ESPE Abstracts (2016) 86 RFC8.1

ESPE2016 Rapid Free Communications Growth: Clinical (8 abstracts)

Somavaratan (VRS-317) Treatment of Children with Growth Hormone Deficiency (GHD): Results at 2 Years (NCT02068521)

George Bright a , Wayne V. Moore b , Huong Jil Nguyen c , Gad B. Kletter d , Bradley S. Miller e , Patricia Y. Fechner f , David Ng g , Eric Humphriss a & Jeffrey L. Cleland a


aVersartis, Inc., Menlo Park, CA, USA; bChildren’s Mercy Hospital and University of Missouri-Kansas City, Kansas City, MO, USA; cSierra Medical Research, Clovis, CA, USA; dMary Bridge Children’s Hospital, Tacoma, WA, USA; eUniversity of Minnesota Masonic Children’s Hospital, Minneapolis, MN, USA; fSeattle Children’s Hospital, Seattle, WA, USA; gResearchPoint Global, Austin, TX, USA


Background: Somavaratan, a novel long-acting rhGH fusion protein with t1/2>100 h, previously demonstrated clinically meaningful improvements in height velocity (HV) and IGF-I in prepubertal GHD children (Moore JCEM 2016).

Objective and hypotheses: To evaluate maintenance of somavaratan treatment effects in the 2nd treatment year.

Method: After subcutaneous pediatric doses were evaluated in a single dose PK/PD study (n=48), 64 subjects were randomized to weekly, twice-monthly (TM) and monthly dosing groups for total dose of 5.0 mg/kg per month for 6 months. Sixty subjects entered an extension study. Somavaratan dosing was adjusted to 3.5 mg/kg TM by start of Year 2, based on growth and IGF-I responses from the first 6–12 months of treatment.
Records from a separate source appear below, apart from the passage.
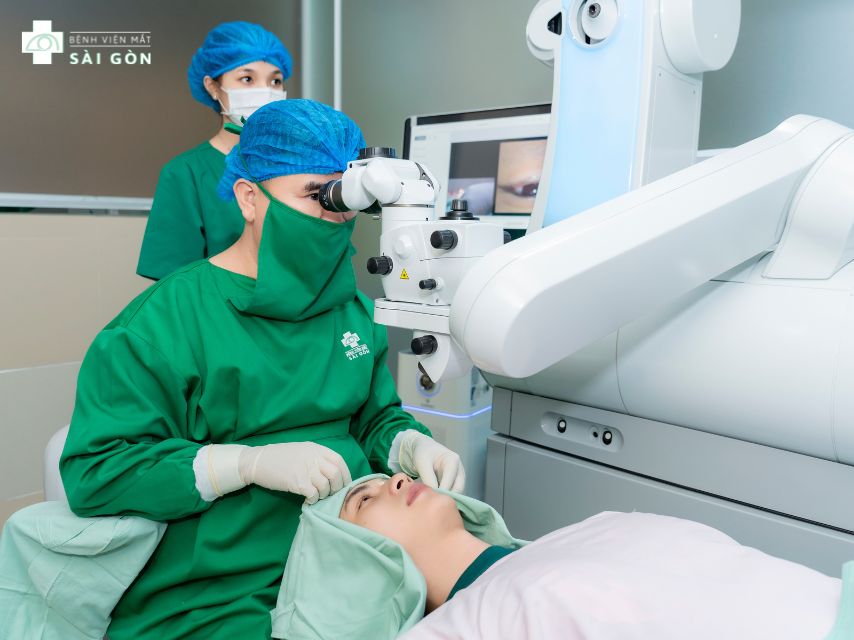 SMILE Pro AI 4.0 điều trị cận đến -10D, loạn ±5D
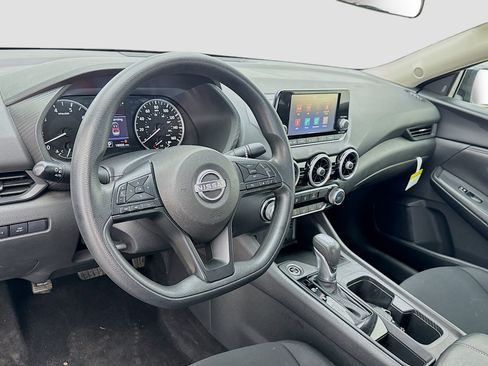 Used 2025 Nissan Sentra S FWD image 7
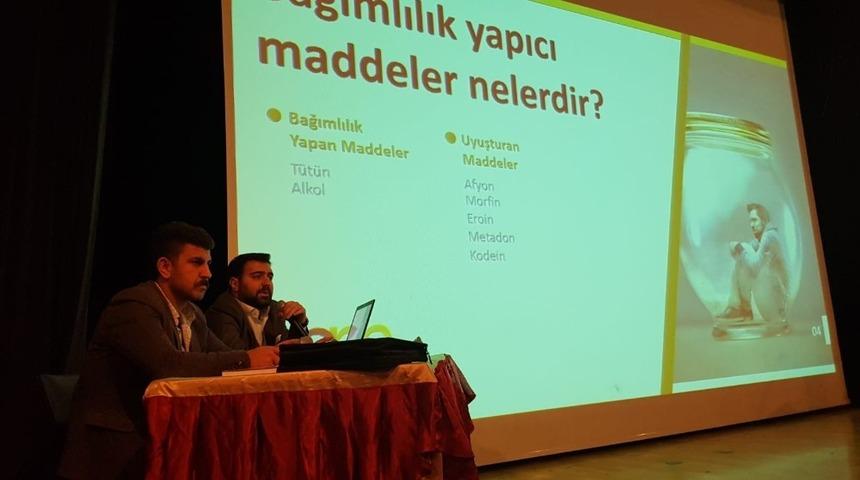 Tatvan&rsquo;da  &ldquo;bağımlılıkla m&uuml;cadele&rdquo; semineri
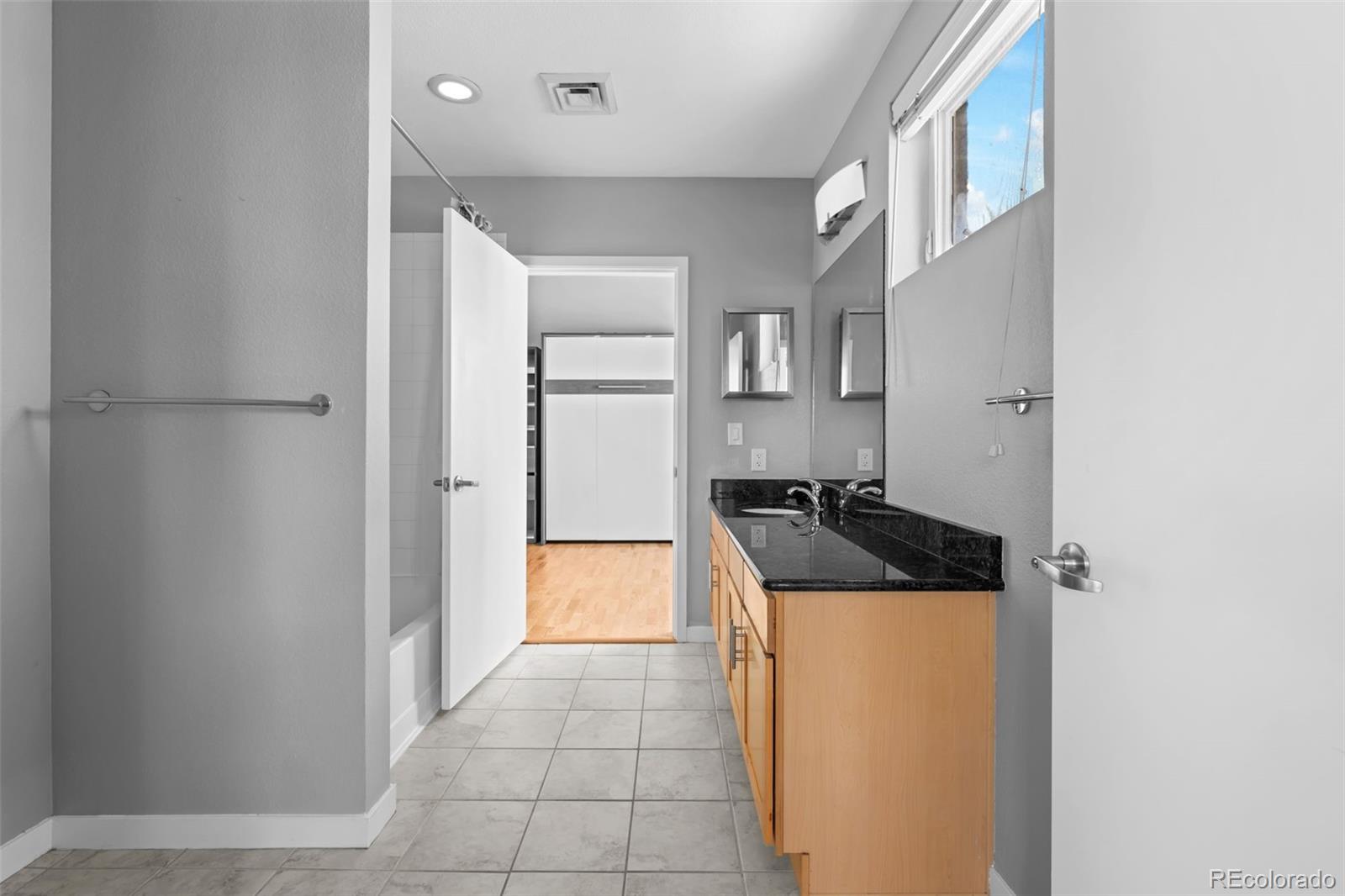 MLS Image #23 for 1555  central street,denver, Colorado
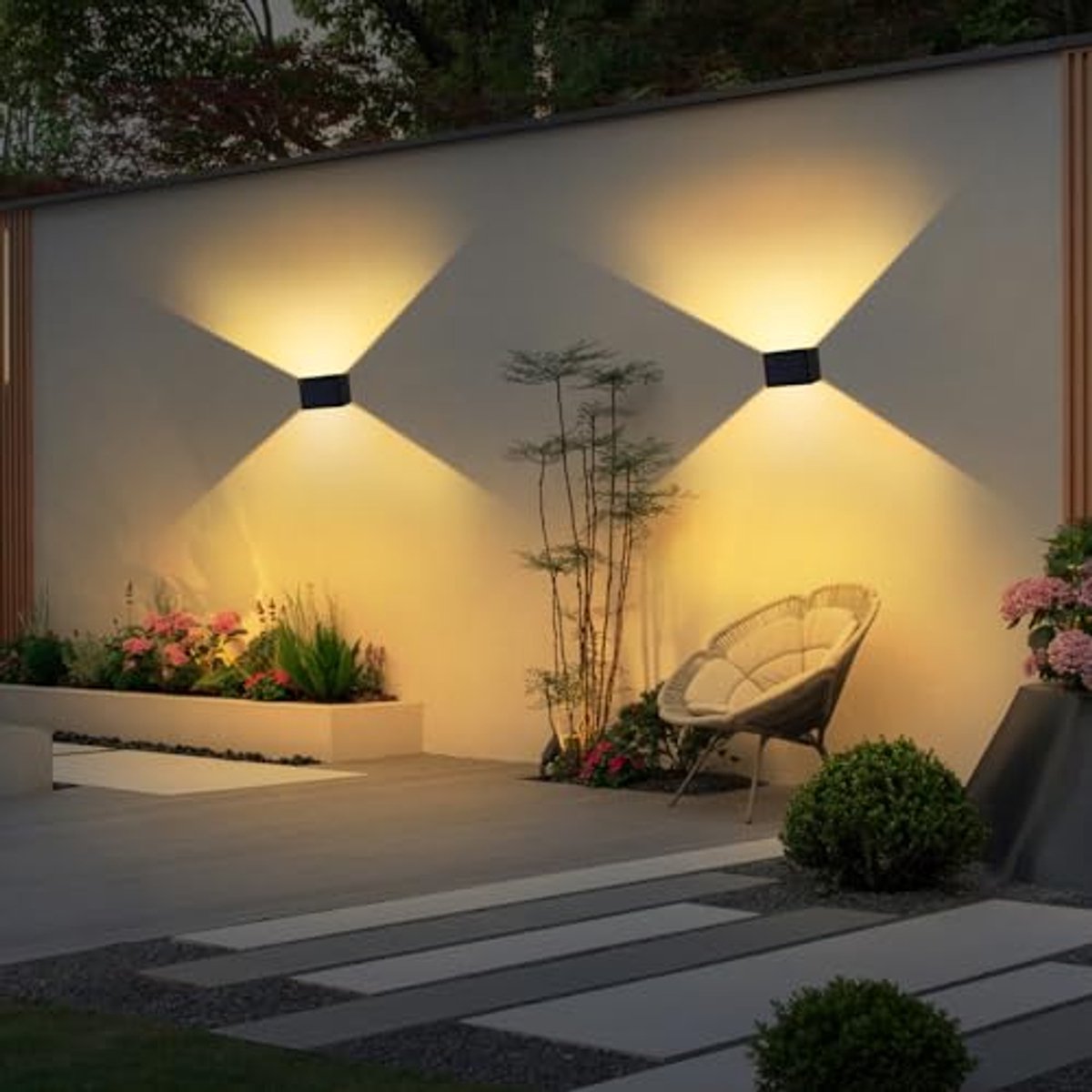 Moderne Vierkante Zwarte Verstelbare Zonne-Wandlamp voor Buiten - IP65 Waterdicht, 3000K - Energiezuinige LED Verlichting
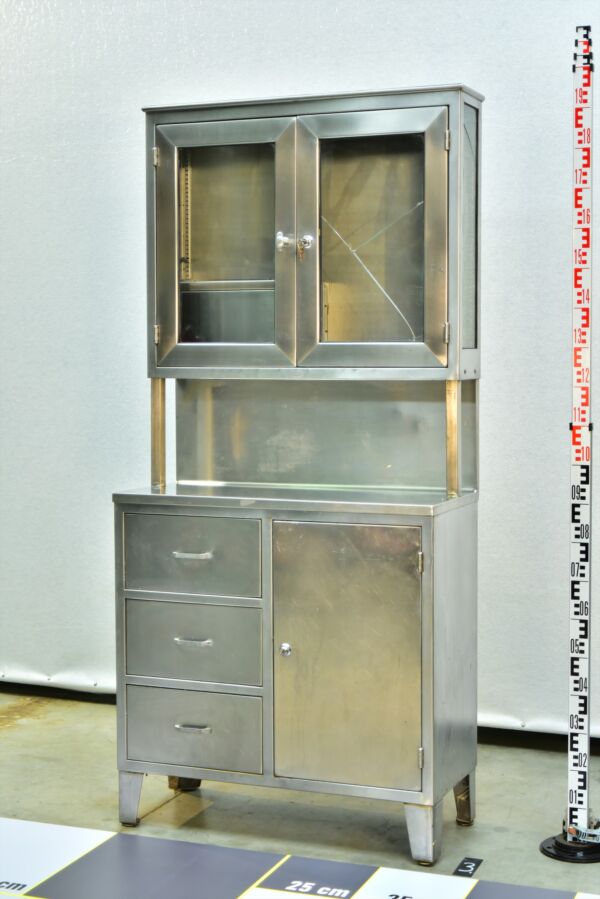 American Military-Style Stainless-Steel Surgical Cabinet with Cupboard-Style Design – No. 3 American Military-Style Stainless-Steel Surgical Cabinet with Cupboard-Style Design – No. 3
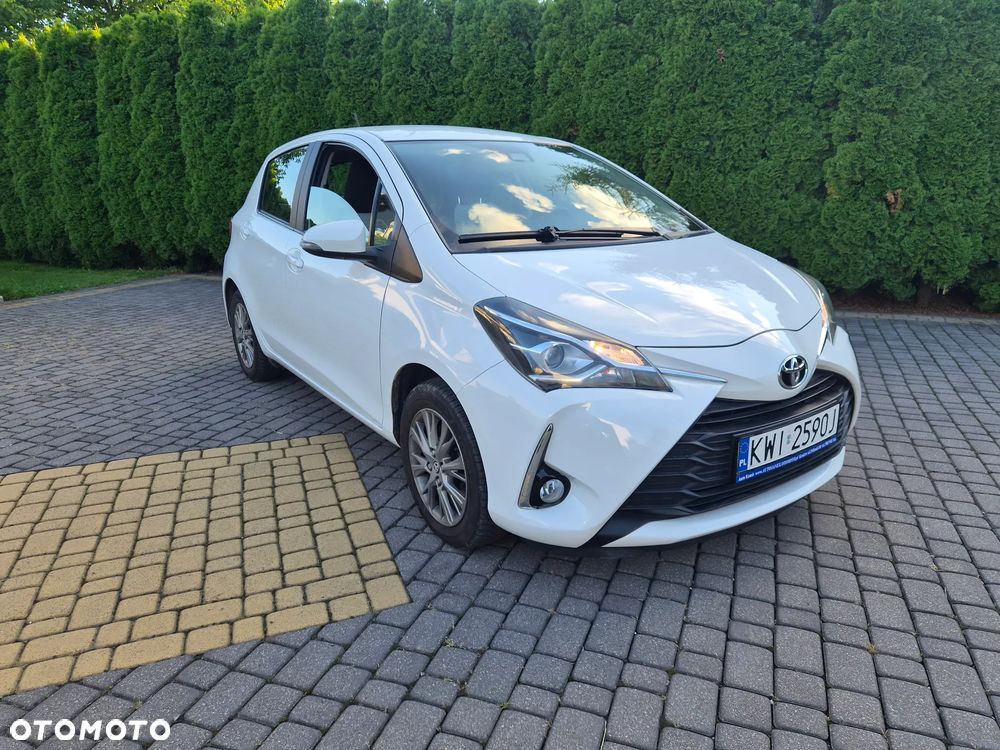 Toyota Yaris 1.5 Premium - 3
Results: A total of 24 females and 33 males were evaluable in Year 2 (mean age, 7.8 years). Baseline HT-SDS was −2.6±0.6, IGF-I SDS −1.5±0.8, and GHmax 5.3±2.6 ng/mL. During Year 2, IGF-I SDS was 0.65±1.2 at peak (3–5 days postinjection) and −0.45±1.1 at trough (end of dosing cycle); 8 subjects had peak IGF-I SDS >2.0, of which two were >3.0 (range, 2.01–3.67). From Years 1 to 2, mean HV was maintained (8.1±2.2 vs 7.8±2.3 cm/year), and HT-SDS showed continued improvement (−2.1±0.6 vs −1.6±0.7). Over two years, mean bone age (BA) advanced by 2.4 years, mean height age by 2.7 years. Differences between chronological age and BA (years) were 1.5±0.8 at screening, 1.4±0.9 at Year 1, and 1.0±1.0 at Year 2. Related AE rates declined in Year 2 (n=7). Related AEs were generally mild and transient, with no new types reported.

Conclusion: Somavaratan in prepubertal children with GHD improved IGF-I and HV through 2 years, with AE rates declining over time. The 3.5 mg/kg TM dose maintained HV at levels similar to second-year US NCGS data for daily rhGH, and is being evaluated in a Phase 3 study in treatment-naïve GHD children (NCT02339090).